Potential buprenorphine interactions with medications for tuberculosis (TB), HIV, and other common comorbid illnesses among opioid-dependent patients are important to identify. Rifampin, a cytochrome P 450 enzyme-inducing medication used to treat TB, has the potential to decrease buprenorphine levels, leading to clinical withdrawal symptoms and possibly relapse. In this pharmacokinetic study, investigators compared the impact of 15 days of either rifampin (n=12) or rifabutin (n=9), another TB medication, coadministered with buprenorphine-naloxone (BUP/NLX) in BUP/NLX-maintained patients with TB.

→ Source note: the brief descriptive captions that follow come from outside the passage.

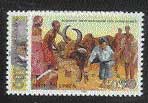 UN Geneva #167-68 MNH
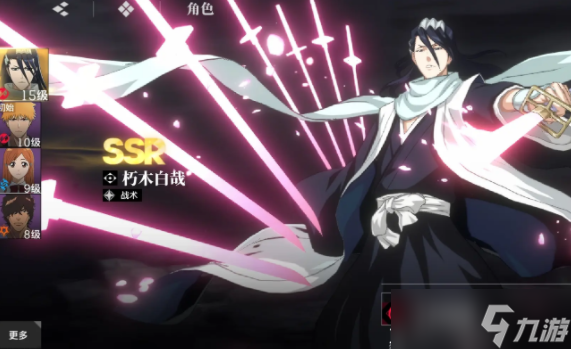 境界刀鸣爆发角色有哪些-爆发角色一览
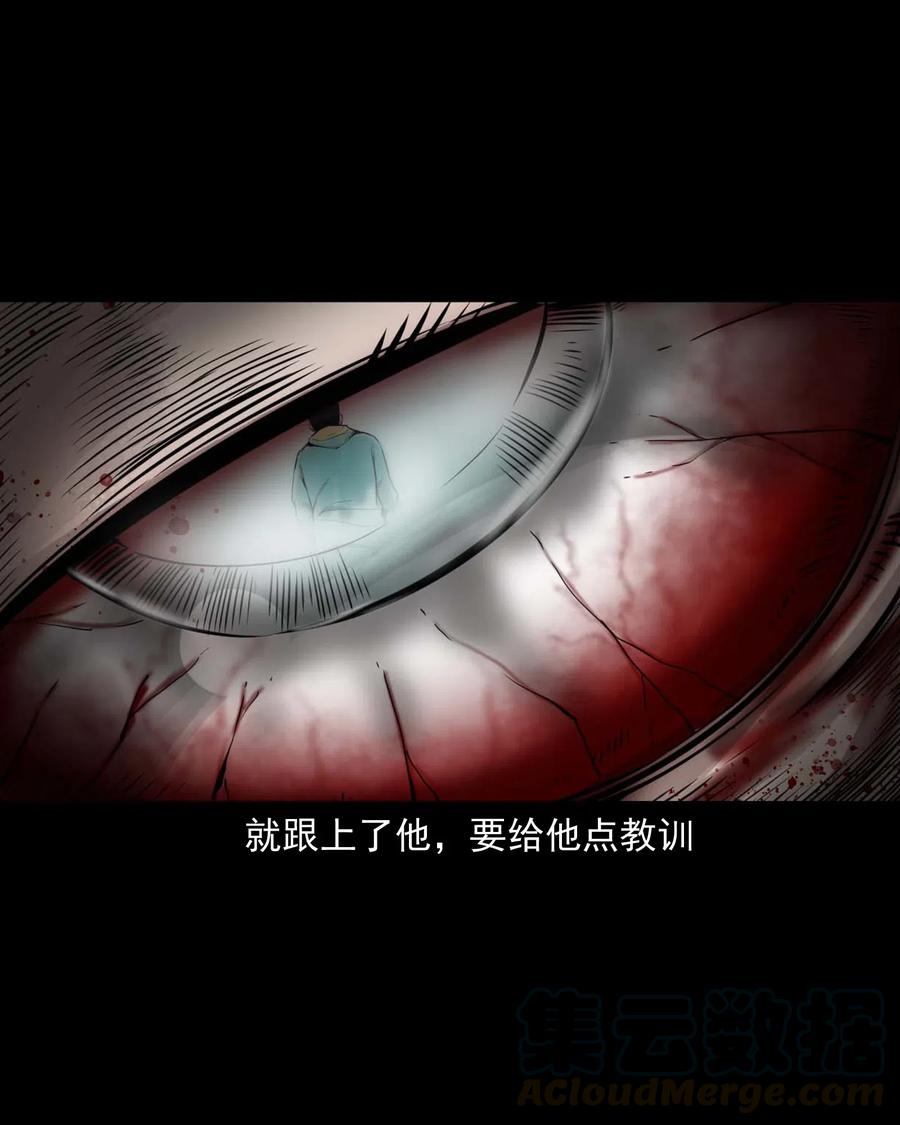 491 奇怪的表哥45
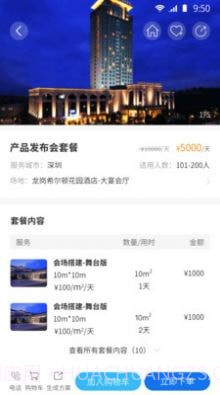 开会了截图3 开会了截图3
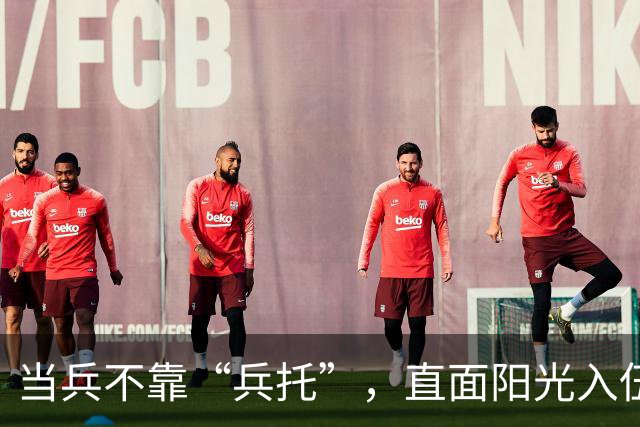 当兵不靠“兵托”，直面阳光入伍新规！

  • Both rifampin and rifabutin decreased buprenorphine pharmacokinetic measures, including area under the curve (AUC), maximum plasma concentration (Cmax), and trough plasma concentration (C24).

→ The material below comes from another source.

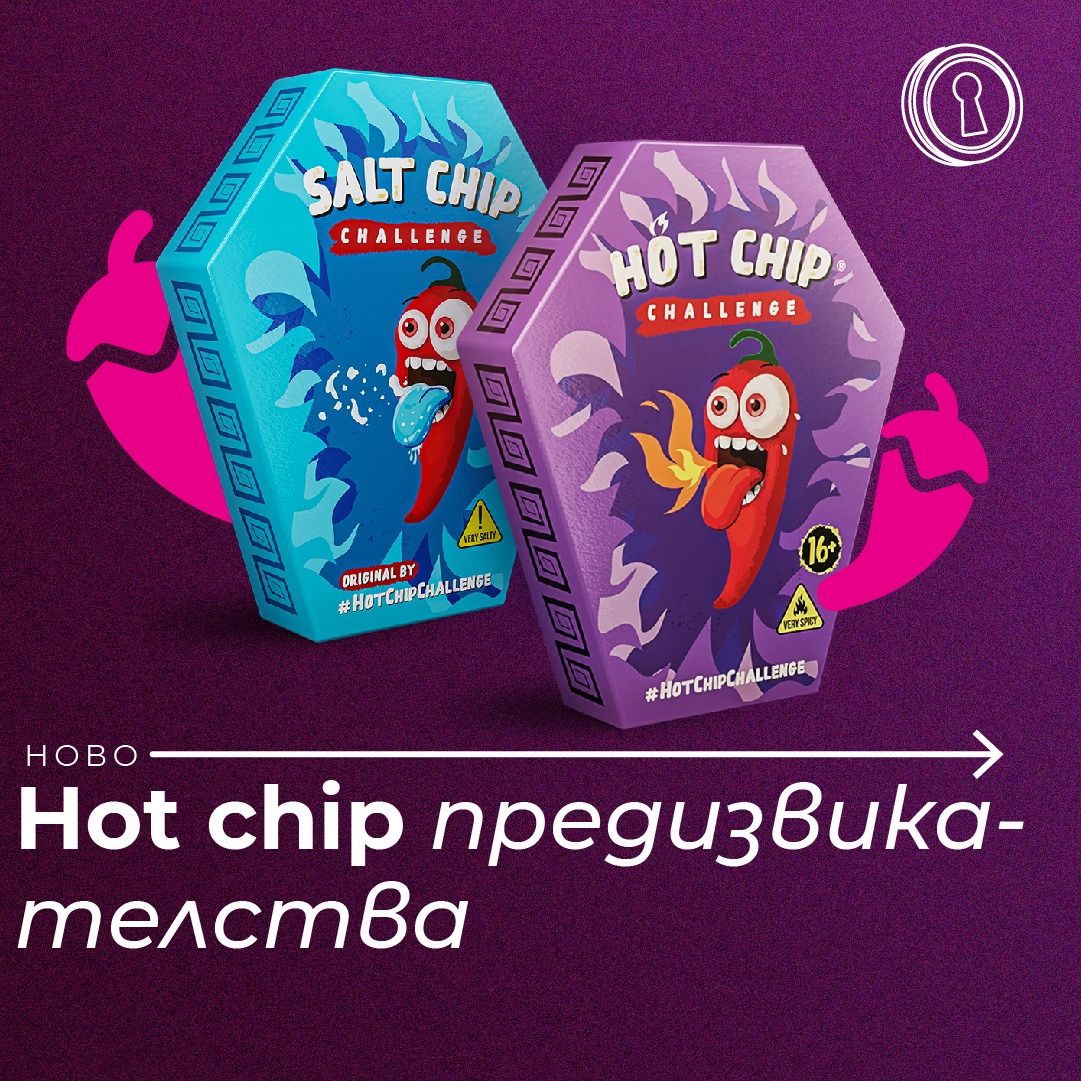 Peep Gift Facebook ad: За феновете на лютите снаксове, ловците на шантави…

  • Rifampin, but not rifabutin, was associated with significant decreases in pharmacokinetic parameters of norbuprenorphine (an active buprenorphine metabolite), including AUC, Cmax, and C24.

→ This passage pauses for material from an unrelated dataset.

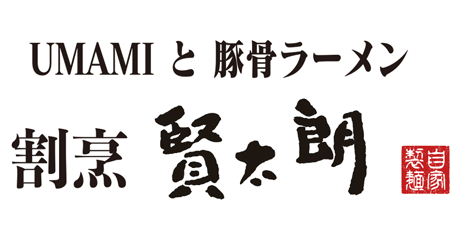 UMAMIと豚骨ラーメン 割烹 賢太朗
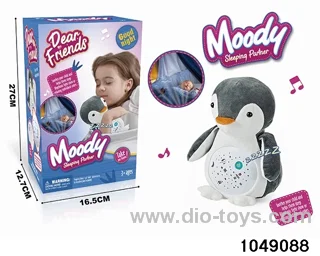 Electric Plush Toys in color box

  • Clinical opioid withdrawal was observed in 6 of the 12 rifampin-administered subjects as early as 6 days after starting rifampin. Withdrawal was not observed in rifabutin-administered subjects.
  • Increased BUP/NLX offered to participants in withdrawal alleviated symptoms with dose increases of 25–100%.


This important study describes withdrawal symptoms among BUP/NLX-maintained patients being treated for TB with rifampin. Rifabutin did not cause withdrawal, however, it is expensive, which may preclude widespread use. Clinicians need to be aware of the BUP/NLX-rifampin interaction and pre-empt possible relapse or treatment dropout with patient counseling. Although dose adjustments of BUP/NLX may alleviate withdrawal symptoms in patients treated with rifampin, longer term studies are needed to confirm the efficacy of this approach. Hillary Kunins, MD, MPH, MS


McCance-Katz EF, Moody DE, Prathikanti S, et al. Rifampin, but not rifabutin, may produce opiate withdrawal in buprenorphine-maintained patients. Drug Alcohol Depend. May 18, 2011 (E-pub ahead of print). doi: 10.1016/j.drugalcdep.2011.04.013.